Nas primeiras páginas desta segunda parte, o Autor explica, pela voz de Péter, a intenção da obra, ou seja, as causas que são responsáveis pela grande tragédia da Humanidade, petrificando a vida, dotando-a de um cinzentismo doentio: a solidão.


O livro é, todo ele, a tentativa de explicação de um estado de alma que acaba por assolar as três personagens principais – uma solidão recorrente, aliada à sensação de um inexorável fracasso.


A solidão que, antes ou depois, precipita qualquer ser humano, como um viajante nocturno, numa fossa.

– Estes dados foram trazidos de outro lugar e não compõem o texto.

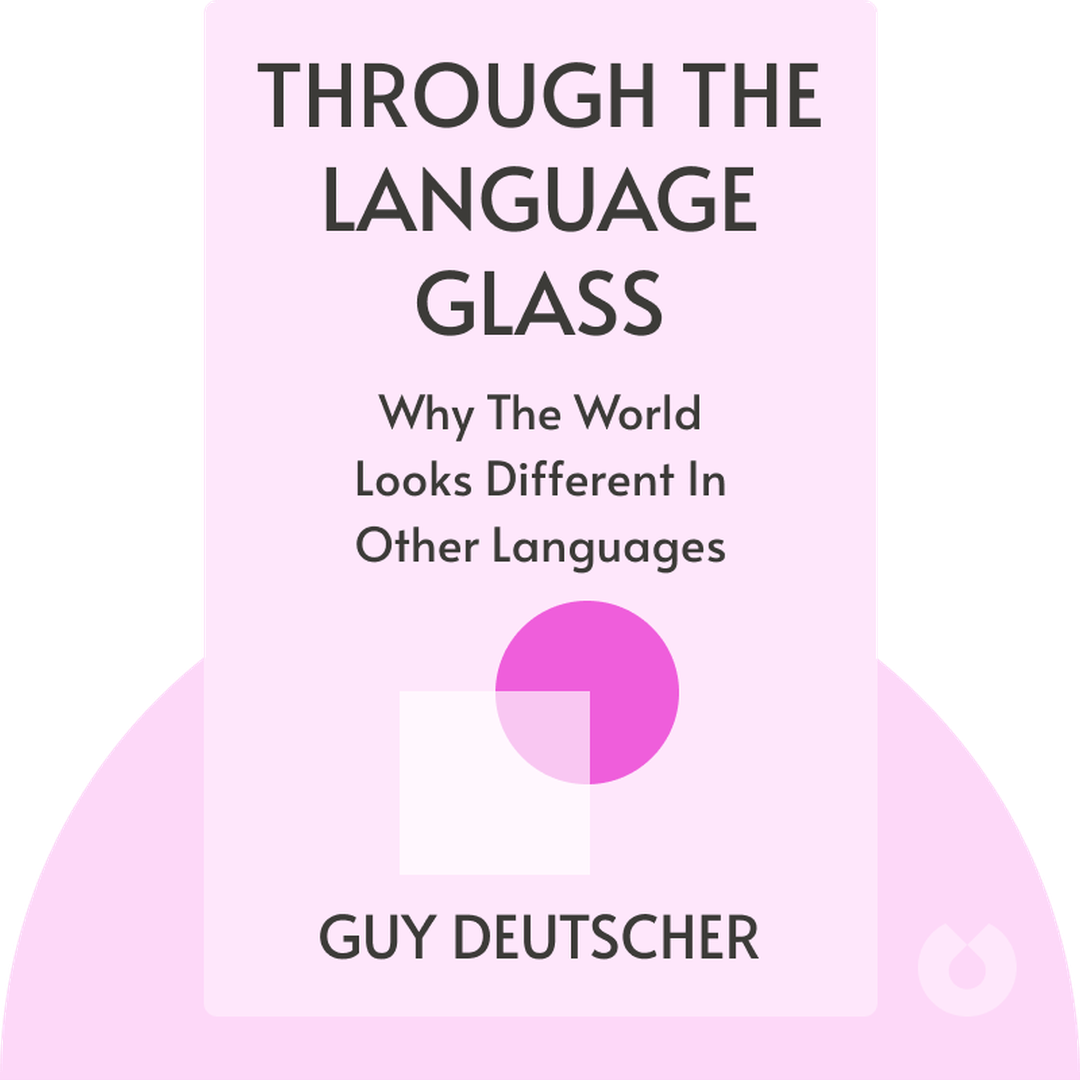 Through the Language Glass cover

A Humanidade, na sociedade industrial, perece viver segundo o Autor, ao falar através da voz de Péter:


Como se a alegria se apagasse da terra. Às vezes, por instante, ainda bruxuleia, aqui e além. No fundo da alma humana, vive a recordação de um mundo feliz, solar, brincalhão, no qual o dever é, simultaneamente, divertimento e esforço, agradável e sensato.
(…)
Talvez os gregos sim, tenham sido felizes (…) porque eram cultos, no sentido mais profundo, mais inculto do termo, incluindo os oleiros…Mas nós não vivemos numa verdadeira cultura, mas numa civilização de massas, mecânica e enigmática. Todos têm a sua parte e ninguém a verdadeira alegria (…) e toda esta tensão deriva da solidão
.
(…)
Conheço mães com meia dúzia de filhos, em cujo rosto se surpreende a mesma solidão e desconfiança, e burgueses solteirões que nem a tirar as luvas conseguem esconder um ar artificioso como se as suas vidas fossem uma sequência de gestos forçados. E quanto mais os políticos e profetas se preocupam em construir comunidades cada vez mais artificiais no seio da comunidade, quanto mais educam as crianças nesse sentido forçado de comunidade, maior será a solidão das almas
.



O único desvio deste cinzentismo quase niilista reside na presença da beleza na sua forma mais pura, como a estátua viva do arquétipo da beleza selvagem, representado por Aldozó Judit.
Diante dela, Péter não sente estar perante algo de ameaçador, como Marika ou Lázar, mas a sensação inquietante de ter diante de si a concentração da beleza primordial, ao olhar directamente para a face do seu ídolo.


…um rosto aberto, expectante, radioso e confiado, como só pode ser um rosto humano em início de vida quando ainda não comeu da árvore da consciência, nem conheceu a dor e o medo.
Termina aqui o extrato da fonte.